WASHINGTON, D.C. - How much would you pay for a prime parking spot on the National Mall in Washington, D.C.?
Twenty-five million visitors flock to the nation’s village green each year, many of them by car or tour bus. On major tourist holidays such as July Fourth, drivers can circle for hours hoping to find a space.
Now a group called that National Coalition to Save Our Mall has put forth a proposal to use mostly private money to build a 1,000 car-bus garage, visitor center and lake – yes, a lake – beneath the National Mall outside the Smithsonian’s Natural History Museum.
The group estimates that the price tag for the parking paradise could reach $200,000 a spot. (The entire complex has a price range between $168 million and $284 million)
No, the plan for the lake is not part of some subterranean water park to complement the Smithsonian’s famed merry-go-round, but part of a solution to another long-standing Washington problem – flooding. Much of the capital is built on former swampland that has a disturbing tendency to flood.
The most recent flood, in 2006, shut down the National Archives, the IRS and several other federal buildings after several days of heavy rain.
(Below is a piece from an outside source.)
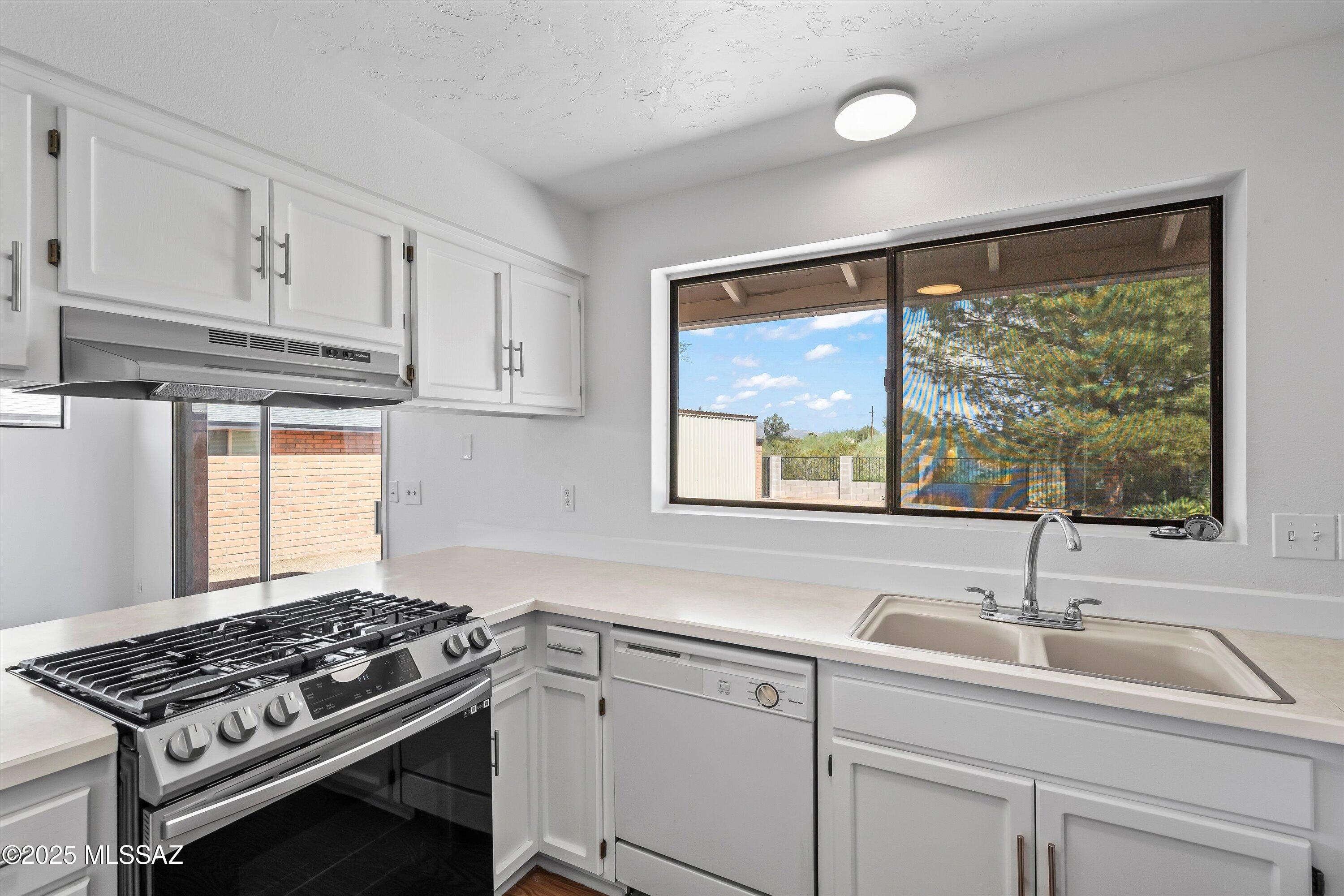 10025 E Eric Alan Place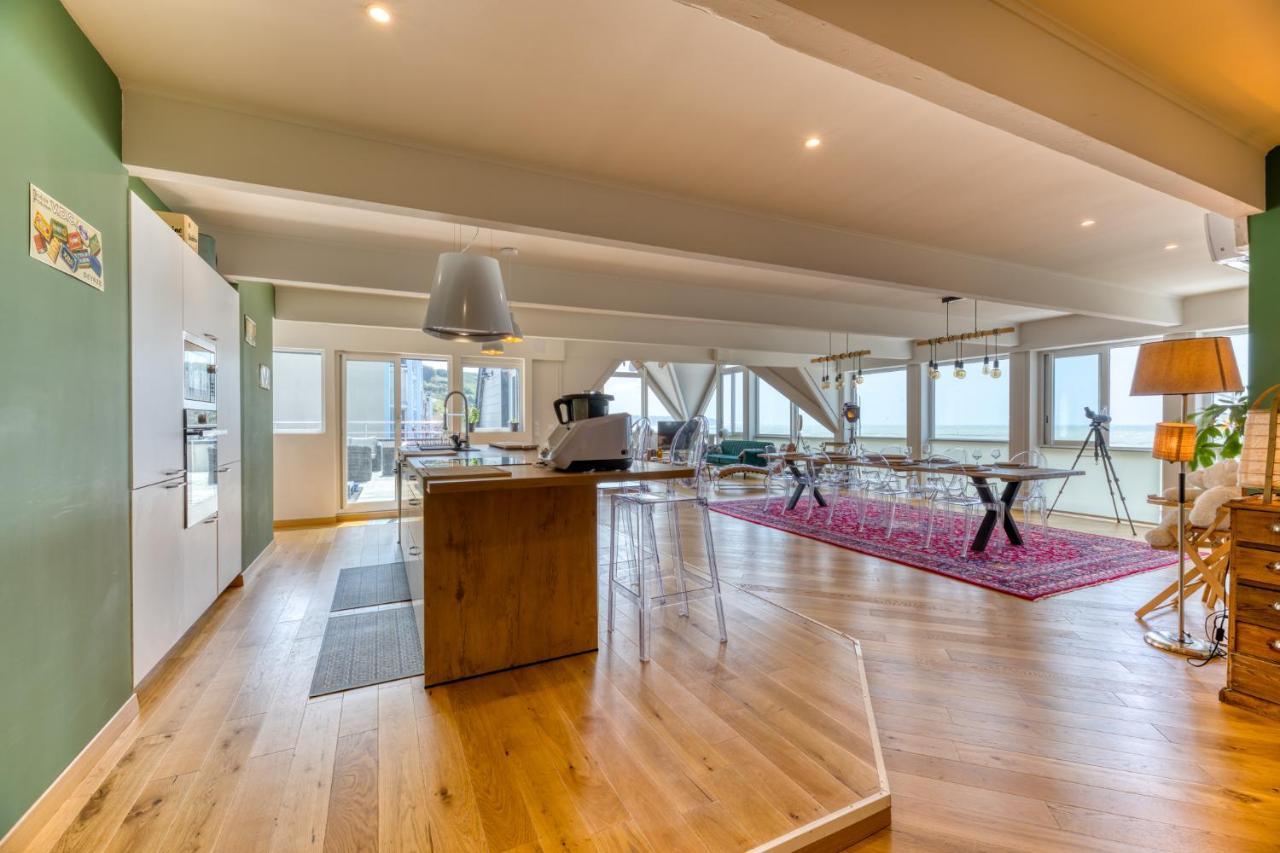 Le poséidon, gîte EXCEPTIONNEL face à la mer avec spa, terrasse, 4 chambres UN VRAI COUP DE COEUR Fécamp Extérieur photo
Even in drier times, the water table around the mall requires constant use of giant sump pumps.
So beneath the planned parking decks, organizers would include a 34 million gallon floodwater reservoir. But wait, there’s more. Keeping all that greenspace green takes a lot of water, so there also would be cisterns to hold rainwater and basement water to supply a mall irrigation system.
Even though the National Coalition to Save Our Mall says the project would be funded with private donations, Congress still needs sign off.
A federally chartered commission or task force to manage construction on federal land is needed, and so far, despite some efforts by D.C. Delegate Eleanor Holmes Norton, that hasn’t happened.